The country has been attracting Irish investors for some years, but its economy did not see as huge an influx of foreign investment as other European countries during the boom years.
Most smaller investors neglected Germany in favour of eastern European countries - such as Poland, Bulgaria and Turkey - and pinned their hopes on promises of double digit capital appreciation. Some more savvy investors chose Berlin and are likely to stick with it.
Its population prefers to rent and so there’s a ready supply of good tenants.
The country has suffered in the recession, but its property prices have decreased by only a limited amount.
Buyers considering investing, in particular those taking a long term view of between five and ten years, should benefit from the recent downturn in prices, agents are arguing.
There are now some signs that investors are considering coming back to the market.
Propfund Germany, a Berlin based property investment company, specialises in acquiring and managing residential buildings in Berlin and neighbouring cities.
The company, part of the Eurix Development group, has offered Irish investors the opportunity to invest privately in the German market.
Investments can be made from €30,000 up to €3 million through its latest fund, Propfund Residential.
The company, which has been based in the German capital for 15 years, aims to acquire up to 500 residential units in Berlin by the end of the year.
These acquisitions will be financed by raising €10 million in private equity and €20 million in preferential German bank financing. Propfund Germany acquires residential buildings at reduced prices which are profitable and self-financing.
Sales and marketing director David Healy said that this resulted in the annual rental income being able to cover the mortgage repayments, management fees, maintenance and generate a profit for shareholders of between 7 per cent and 10 per cent per annum.
A Dublin native, Healy said property prices had not declined as badly in Germany as in Ireland but that some of the banks in Germany were struggling to become more liquid and consequently were beginning to sell their portfolios.
‘‘Therefore there are a lot more deals out there. The institutions and banks are being forced to sell properties, that’s why we’re only looking at these distressed sales," he said.
The firm is in the process of acquiring five residential units in Berlin, all of which are fully let. In the Pankow area of the city, Propfund aims to purchase the six-unit building on Bahnhofstrasse for €460,000 with a rental yield of 8.74 per cent.
For an investment of €2.78 million, the firm plans to purchase a 74-unitbuilding in Lindenstrasse in Brandenburg, which will produce a rental yield of 9.89 per cent. The fully-managed fund is regulated by the German Financial Regulator and returns will be paid to shareholders each year throughout the fund period of 10 years.
‘‘Due to its strong rental market, Germany has always been a location of huge interest for Irish investors. It has a highly regulated rental market, with 82 per cent of Berliners preferring to rent rather than buy their family home," Healy said.

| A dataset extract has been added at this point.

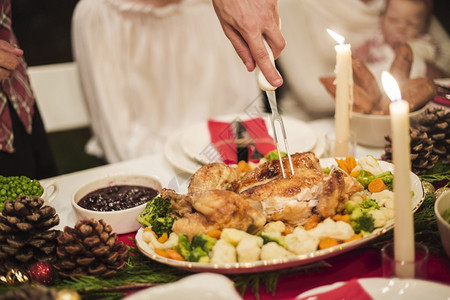 家庭明亮的手持火鸡有叉子圣诞节桌展示图片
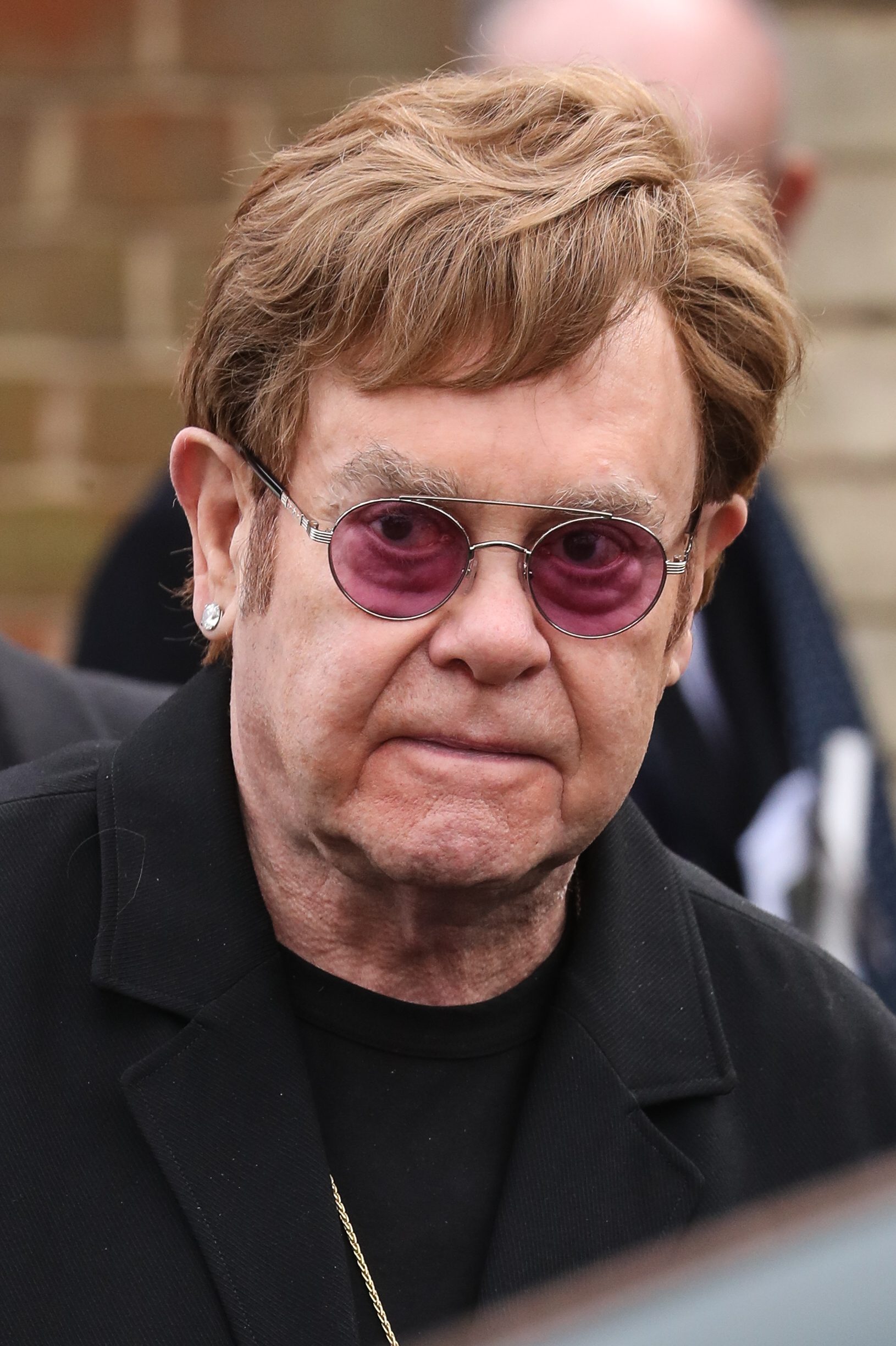 Elton John at Derek Draper's funeral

He said the lending criteria in Germany, however, had restricted many British and Irish investors.
‘‘A lot more Irish would have invested except for the strict lending situation. Overseas investors of individual units will only secure an LTV of 50-60 per cent. That’s why we established Propfund Germany. This way overseas investors can avail of Germany lending as the units are bought as buildings rather than individual units."
In recent months, Healy said, he has found an increased number of enquiries from Irish investors. Much of the interest, he said, had been in investing amounts in the region of €50,000.
The growing interest in its latest fund has led Propfund Germany to open an Irish office.
Healy will manage the Dublin office next month.